Mesmo sem a tradição de outros estados na produção de cachaça, São Paulo quer ampliar sua presença nesse mercado. Para isso, o governo estadual lança nesta quinta-feira (11) o projeto Rotas da Cachaça, acompanhado de uma linha de crédito de R$ 3 milhões voltada aos produtores da bebida.

A proposta busca valorizar a cachaça como ativo cultural e turístico. De acordo com dados do Centro Brasileiro de Referência da Cachaça e da Euromonitor, a cadeia produtiva do setor movimenta cerca de R$ 15,5 bilhões por ano no Brasil.

O programa contempla a criação de oito rotas e dois destinos distribuídos por 65 municípios, reunindo alambiques familiares, propriedades rurais, museus, pousadas temáticas e espaços culturais dedicados à bebida.

As novas Rotas da Cachaça passam a integrar o portfólio turístico estadual, que já inclui as Rotas do Café, do Vinho e do Queijo, iniciativas lançadas ao longo deste ano.

Para o secretário de Agricultura e Abastecimento de São Paulo, Guilherme Piai, o projeto contribui para o desenvolvimento do setor. “A iniciativa fortalece produtores de diferentes portes, estimula a formalização e cria oportunidades de acesso a novos mercados, inclusive fora do país”, afirma.

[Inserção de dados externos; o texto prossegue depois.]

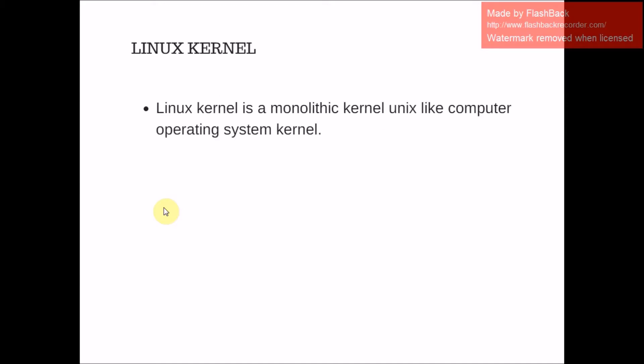Linux kernel is a monolithic Unix-like operating system kernel, where kernel is a computer program that is the core of a computer's operating system with complete control over everything in the system. Kernel has three varieties: monolithic, micro, and hybrid. So Linux kernel is a monolithic Unix-like computer operating system kernel.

Ao lado de Minas Gerais, São Paulo figura entre os principais centros de produção e consumo de cachaça e lidera as exportações brasileiras da bebida. Em 2024, o estado embarcou 6,6 milhões de litros, o equivalente a 46% do total nacional, segundo a Secretaria de Desenvolvimento Econômico paulista.

Ainda conforme o Anuário da Cachaça 2025, elaborado pelo Ministério da Agricultura e Pecuária (Mapa), o número de estabelecimentos produtores no país cresceu 4% em 2024, chegando a 1.266 unidades.

Crédito para formalização

Além do lançamento das rotas, o governo paulista anunciará uma linha de crédito de R$ 3 milhões destinada a apoiar produtores artesanais e fabricantes de cachaça nos processos de regularização sanitária e adequação às exigências legais.

A iniciativa segue o modelo da linha Artesanal + Legal e permitirá financiar despesas com registro e certificação. A expectativa é de que o valor médio contratado seja de R$ 30 mil por produtor, beneficiando até 100 produtores artesanais, incluindo alambiques.

O pacote de medidas inclui ainda a assinatura do decreto que regulamenta a Lei nº 18.154/2025, responsável pela criação do Sistema Estadual de Inspeção Vegetal. A norma atualiza e reforça os critérios de rastreabilidade, auditoria e segurança dos produtos de origem vegetal no estado.